Work to complete: All lines below must be repeated exactly, with the pictures omitted.

╭─ Provided data

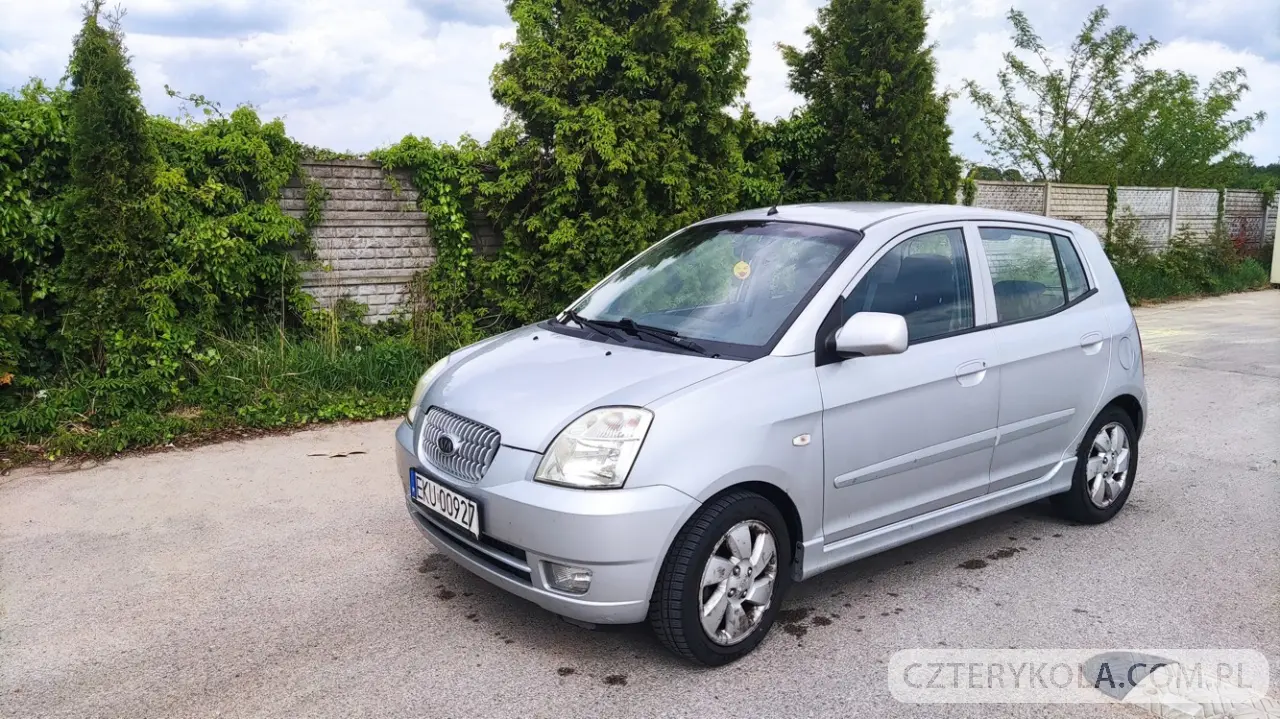 Kia- Picanto- 2006 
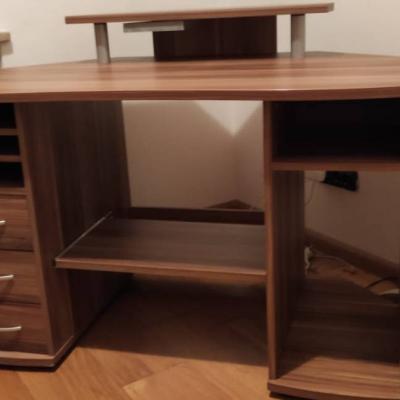 Eckschreibtisch ca. 143 x 143 cm - thumb
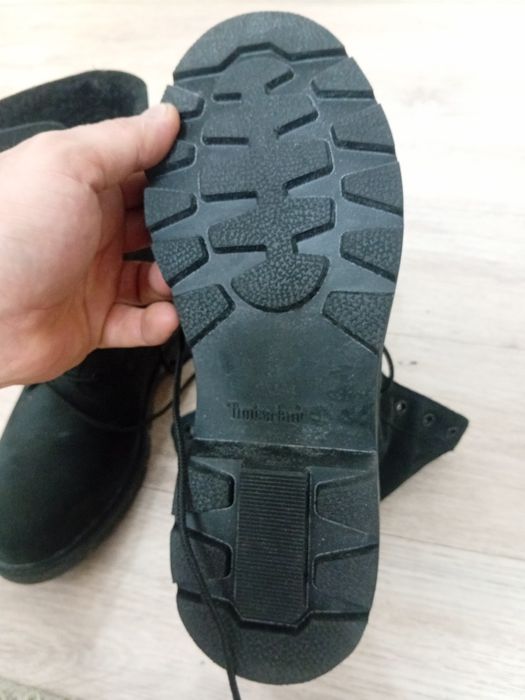 Timberland оригинал, зимние, 39 размер, мех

╰─

Result of this task:
 Kia- Picanto- 2006 
 Eckschreibtisch ca. 143 x 143 cm - thumb
 Timberland оригинал, зимние, 39 размер, мех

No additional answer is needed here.